◆ **MATERIAL FOR THIS TASK**:
↓↓↓

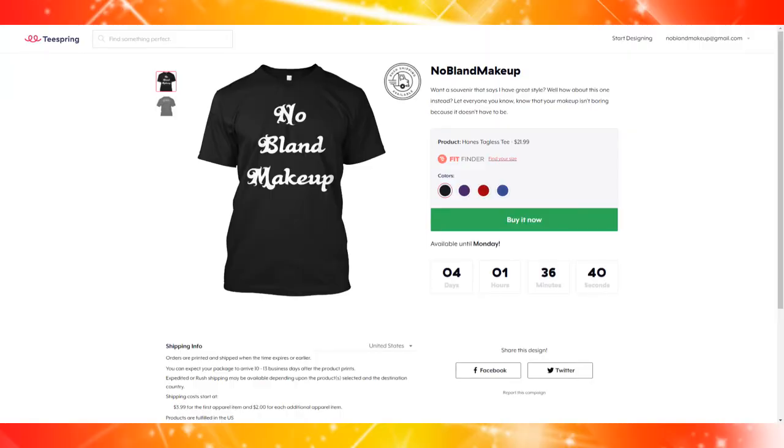Hey guys and welcome back to No Bland Makeup, where we do makeup and body painting tutorials, usually with a cosplay twist, and today is one of those days. But first, I do have a shirt up on Teespring, so if you guys want to support the channel, get a cool shirt in the meantime — I'll have the link down in the description. But back to what you guys are actually here for.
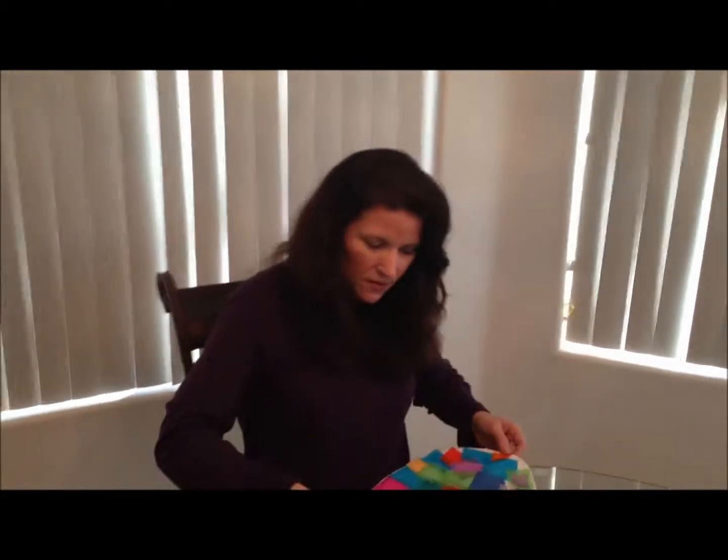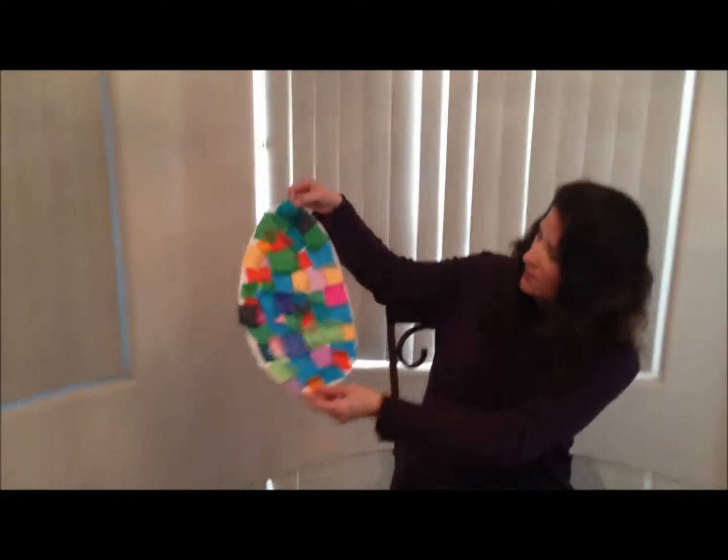That's pretty colored, and then you just let it dry, and then you have your Easter egg.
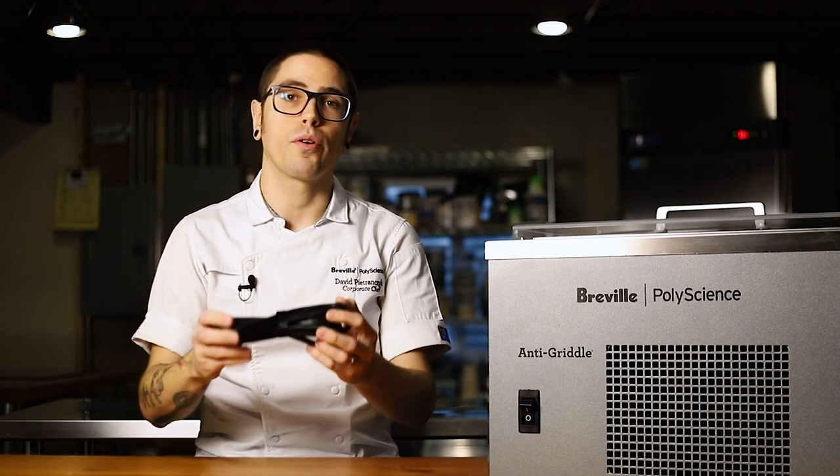The anti-griddle is a simple device. Included with the unit is a lid that prevents frost from developing on the surface when it's not in use, and a power cord.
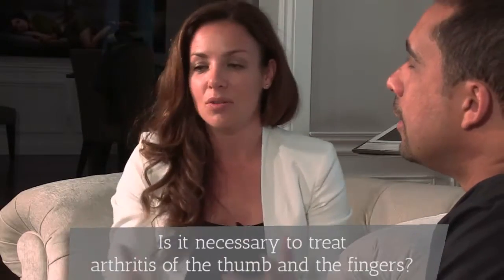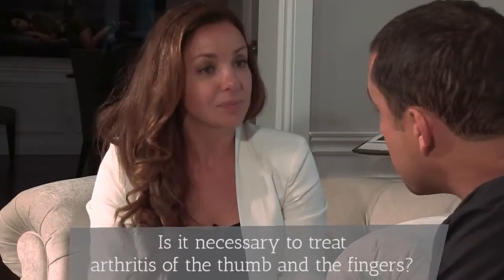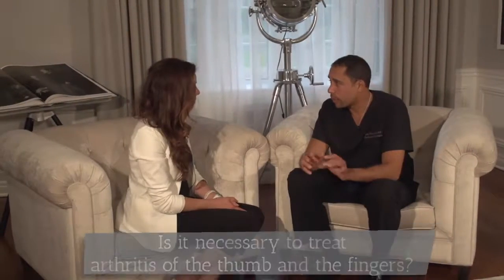Is it necessary to treat arthritis of the thumb and fingers? Yes, I believe it is, because arthritis can have a very significant impact on quality of life and on your ability to basically do anything in life, because you use your hands for everything. So if your symptoms cannot be controlled with pain medication or splinting, then surgery is required. There are several options that can be considered, depending on what joint we're treating and what patient.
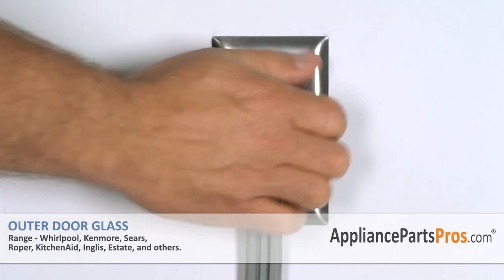Now that you're finished repairing your electric range, you can plug it back in and test it out. Thanks for joining us for another successful repair brought to you by AppliancePartsPros.com. Check out our other repair videos on our site, Facebook, and YouTube.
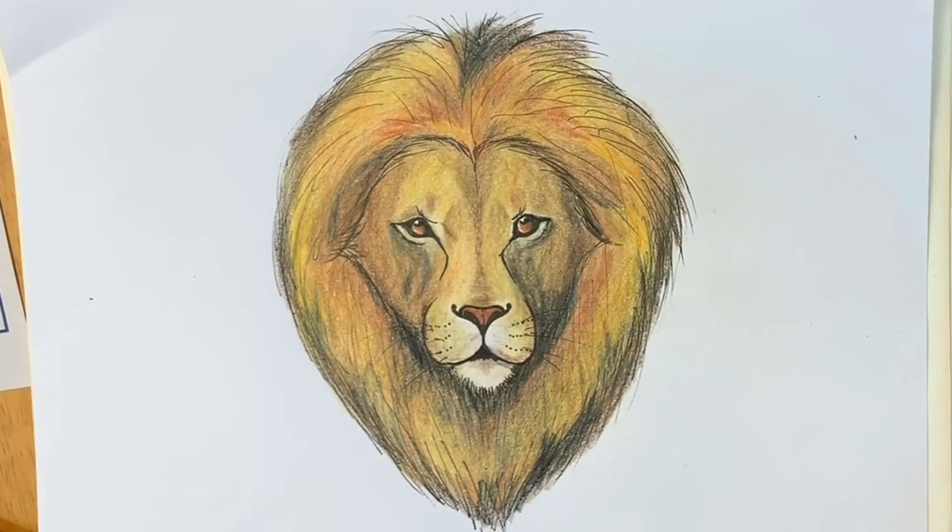And there you have the finished lion drawing! If you've enjoyed this please hit subscribe and like, and if you like drawing lions check out my video on how to draw a lion roaring. Hope to see you on the next one — thank you, bye bye!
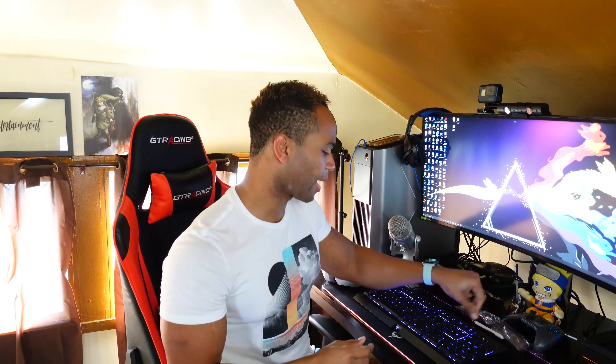This mic is supposed to produce some awesome clarity when you're talking through it. It's supposed to prevent all sorts of distortion and outside noises are supposed to be filtered out completely. So when you're talking to people on your games, on your Zoom calls or other types of work calls, this is supposed to produce excellent sound that you will have no worries about when communicating with your friends online.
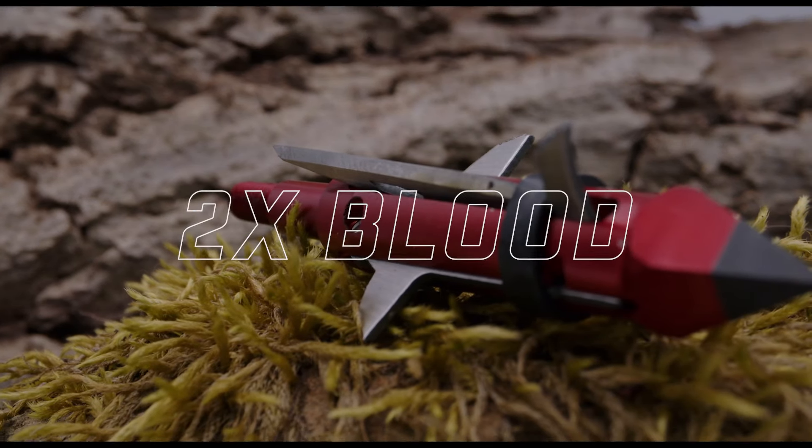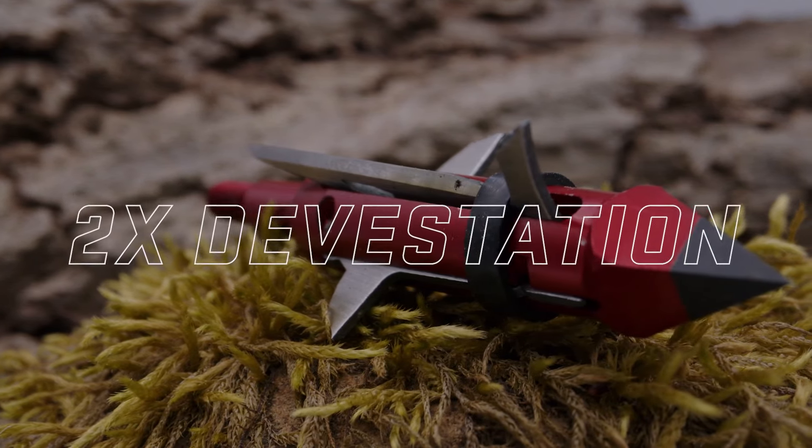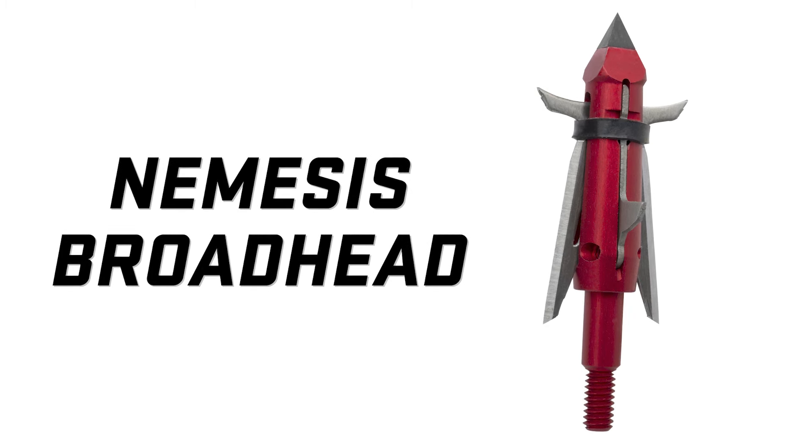Twice the damage, twice the blood, twice the devastation. Introducing the Nemesis Broadhead from TenPoint.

↑↑↑

◆ **REQUIRED WORK**: Copy exactly the material above from the line with "That's pretty colored, and" to the line with "And there you", ends included, and nothing else. Leave out any picture.

◆ **RESPONSE TO THIS TASK**:
That's pretty colored, and then you just let it dry, and then you have your Easter egg.
The anti-griddle is a simple device. Included with the unit is a lid that prevents frost from developing on the surface when it's not in use, and a power cord.
Is it necessary to treat arthritis of the thumb and fingers? Yes, I believe it is, because arthritis can have a very significant impact on quality of life and on your ability to basically do anything in life, because you use your hands for everything. So if your symptoms cannot be controlled with pain medication or splinting, then surgery is required. There are several options that can be considered, depending on what joint we're treating and what patient.
Now that you're finished repairing your electric range, you can plug it back in and test it out. Thanks for joining us for another successful repair brought to you by AppliancePartsPros.com. Check out our other repair videos on our site, Facebook, and YouTube.
And there you have the finished lion drawing! If you've enjoyed this please hit subscribe and like, and if you like drawing lions check out my video on how to draw a lion roaring. Hope to see you on the next one — thank you, bye bye!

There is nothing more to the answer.